DOE Human Genome Program Contractor-Grantee Workshop VIII
February 27-March 2, 2000  Santa Fe, NM

19. Library Strategy for Genome Sequencing Projects

William C. Nierman

The Institute for Genomic Research, Rockville, MD 20850

wnierman@tigr.org

Microbial genome sequencing projects at TIGR have been conducted using two-ended clone sequencing primarily from a small 1.5 to 2 kb insert size plasmid library supplemented with sequence reads from both ends of several hundred 15 - 20 kb lambda clones. We have recently implemented a new shotgun library strategy which incorporates sequence reads from both a small 2 kb insert size library and a larger 10 kb insert size plasmid libraries. This strategy has resulted in a dramatic decline in the number of gaps at the end of the random phase of sequencing for which there is no clone coverage, greatly simplifying the process of closure of the genome. Data from several TIGR sequencing projects will be provided to document this conclusion.

BAC based projects for organisms such as the human and mouse are undertaken to minimize the assembly and closure problems of large repeat rich genomes. The BAC libraries supporting these projects were constructed using partial restriction digests to fragment the genomic DNA prior to ligation to the BAC vector.

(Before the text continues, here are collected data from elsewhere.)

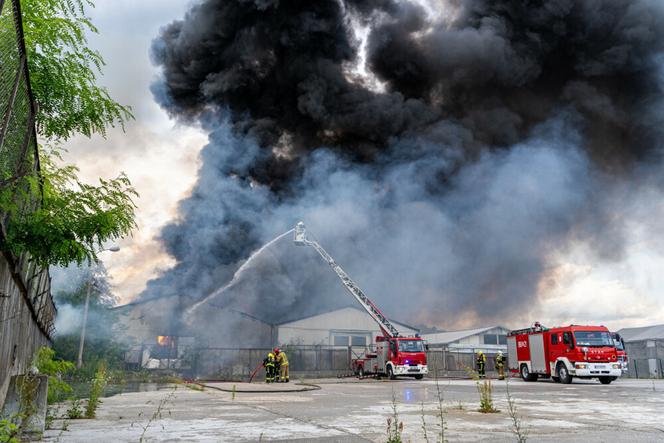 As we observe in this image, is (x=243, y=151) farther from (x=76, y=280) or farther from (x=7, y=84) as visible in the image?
(x=7, y=84)

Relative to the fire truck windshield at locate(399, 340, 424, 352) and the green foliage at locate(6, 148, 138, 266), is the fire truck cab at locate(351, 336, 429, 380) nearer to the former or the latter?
the fire truck windshield at locate(399, 340, 424, 352)

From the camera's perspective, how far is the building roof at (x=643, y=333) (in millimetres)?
51888

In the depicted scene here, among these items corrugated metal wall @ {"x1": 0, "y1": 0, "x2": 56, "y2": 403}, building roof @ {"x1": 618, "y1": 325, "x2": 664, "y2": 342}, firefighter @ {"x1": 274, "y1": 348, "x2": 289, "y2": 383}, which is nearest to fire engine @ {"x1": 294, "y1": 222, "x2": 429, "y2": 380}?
firefighter @ {"x1": 274, "y1": 348, "x2": 289, "y2": 383}

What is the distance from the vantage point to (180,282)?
41.9m

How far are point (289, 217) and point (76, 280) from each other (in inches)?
674

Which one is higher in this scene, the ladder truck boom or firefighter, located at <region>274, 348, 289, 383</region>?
the ladder truck boom

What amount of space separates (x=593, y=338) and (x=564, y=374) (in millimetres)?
1773

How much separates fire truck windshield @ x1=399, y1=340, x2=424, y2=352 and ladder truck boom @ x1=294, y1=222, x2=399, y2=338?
4.10 ft

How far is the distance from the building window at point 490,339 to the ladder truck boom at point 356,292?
23.2 m

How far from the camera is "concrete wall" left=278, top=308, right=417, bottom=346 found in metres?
39.5

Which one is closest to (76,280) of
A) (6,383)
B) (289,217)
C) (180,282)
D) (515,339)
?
(180,282)

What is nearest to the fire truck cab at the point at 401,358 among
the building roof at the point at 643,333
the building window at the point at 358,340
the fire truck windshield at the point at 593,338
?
the fire truck windshield at the point at 593,338

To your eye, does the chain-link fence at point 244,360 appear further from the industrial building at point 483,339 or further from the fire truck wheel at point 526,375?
the industrial building at point 483,339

Due to the non-random distribution of restriction sites for any enzyme in genomic DNA libraries thus constructed always have over-representation and underrepresentation of some regions and no coverage of some small fraction of the genome. These regions of no coverage are revealed as gaps in the BAC contig maps produced by analysis of restriction fingerprints of the BAC clones.

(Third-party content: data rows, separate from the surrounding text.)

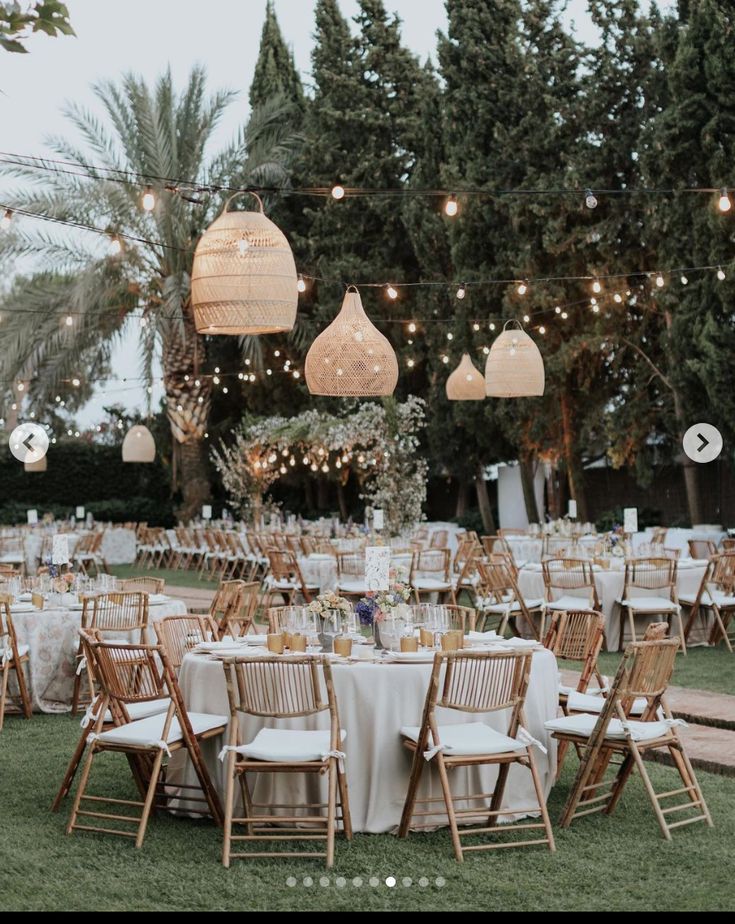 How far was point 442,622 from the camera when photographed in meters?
5.86

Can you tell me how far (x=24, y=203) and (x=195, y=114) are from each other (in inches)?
119

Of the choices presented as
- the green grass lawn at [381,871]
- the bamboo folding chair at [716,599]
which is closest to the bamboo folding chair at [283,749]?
the green grass lawn at [381,871]

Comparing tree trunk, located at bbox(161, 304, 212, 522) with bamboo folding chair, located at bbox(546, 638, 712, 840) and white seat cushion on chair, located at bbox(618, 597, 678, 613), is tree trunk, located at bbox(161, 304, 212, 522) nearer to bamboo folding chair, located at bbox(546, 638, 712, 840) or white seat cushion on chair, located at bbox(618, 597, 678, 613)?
white seat cushion on chair, located at bbox(618, 597, 678, 613)

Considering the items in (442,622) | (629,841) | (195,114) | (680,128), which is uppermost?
(195,114)

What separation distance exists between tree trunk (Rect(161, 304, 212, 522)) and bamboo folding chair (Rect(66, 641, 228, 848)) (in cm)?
1524

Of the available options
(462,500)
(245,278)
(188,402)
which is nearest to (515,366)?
(245,278)

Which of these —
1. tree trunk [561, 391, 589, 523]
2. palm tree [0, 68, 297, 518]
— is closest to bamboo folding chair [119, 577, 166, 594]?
tree trunk [561, 391, 589, 523]

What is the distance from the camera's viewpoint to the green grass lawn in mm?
4234

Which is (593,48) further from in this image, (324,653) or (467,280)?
(324,653)

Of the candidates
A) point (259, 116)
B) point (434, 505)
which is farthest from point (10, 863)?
point (434, 505)

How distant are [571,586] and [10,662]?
4.53m

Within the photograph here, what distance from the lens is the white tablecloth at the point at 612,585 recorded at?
33.6 feet

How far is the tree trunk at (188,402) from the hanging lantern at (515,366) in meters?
10.2

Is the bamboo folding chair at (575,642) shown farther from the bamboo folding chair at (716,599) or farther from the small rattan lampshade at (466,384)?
the small rattan lampshade at (466,384) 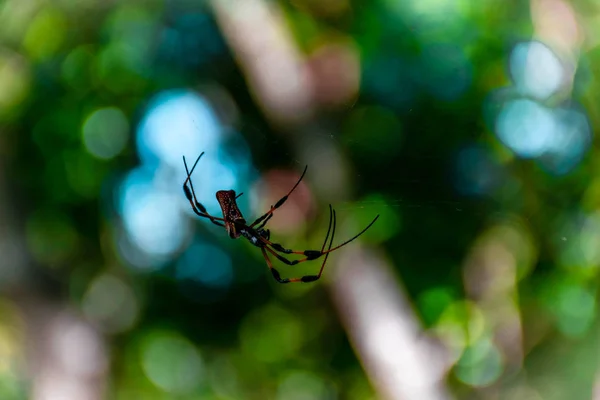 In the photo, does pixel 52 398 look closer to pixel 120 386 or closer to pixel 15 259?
pixel 15 259

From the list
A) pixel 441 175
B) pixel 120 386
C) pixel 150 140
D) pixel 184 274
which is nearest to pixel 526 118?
pixel 441 175

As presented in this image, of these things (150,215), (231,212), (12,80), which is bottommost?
(150,215)

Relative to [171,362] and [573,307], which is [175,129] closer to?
[573,307]

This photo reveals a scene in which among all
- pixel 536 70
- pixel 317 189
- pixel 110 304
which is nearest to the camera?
pixel 317 189

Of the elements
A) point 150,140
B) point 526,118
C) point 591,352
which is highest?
point 150,140

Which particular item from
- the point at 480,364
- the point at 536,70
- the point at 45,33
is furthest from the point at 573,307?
the point at 45,33

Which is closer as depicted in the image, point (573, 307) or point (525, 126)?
point (525, 126)

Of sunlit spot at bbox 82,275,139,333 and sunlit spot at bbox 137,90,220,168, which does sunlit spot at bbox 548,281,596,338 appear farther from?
sunlit spot at bbox 82,275,139,333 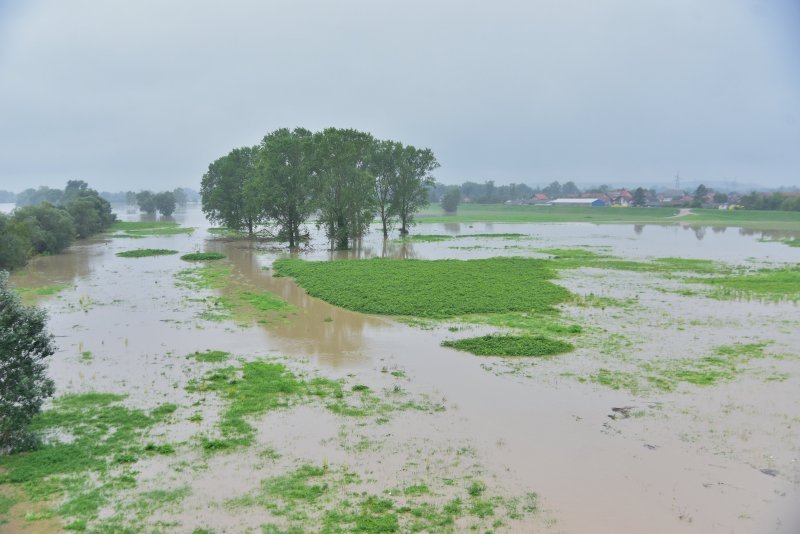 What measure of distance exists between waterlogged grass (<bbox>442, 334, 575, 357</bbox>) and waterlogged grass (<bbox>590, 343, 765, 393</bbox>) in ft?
8.00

In order to develop a resource for providing clone coverage across these gaps in the BAC contig maps for the human and mouse sequencing efforts, we are constructing BAC libraries from random sheared genomic DNA. The targeted insert sizes are 50 and 100 kb. The human libraries are being constructed with donor DNA collected in strict accordance with appropriate informed consent at Celera Genomics (Hamilton Smith). The mouse libraries are being constructed from male C57BL/6J DNA provided by The Jackson Laboratory with appropriate animal committee review at both The Jackson Laboratory and at TIGR. All libraries are being constructed with very narrow insert size cuts to facilitate easy detection of consequential deletions by clone insert size determinations.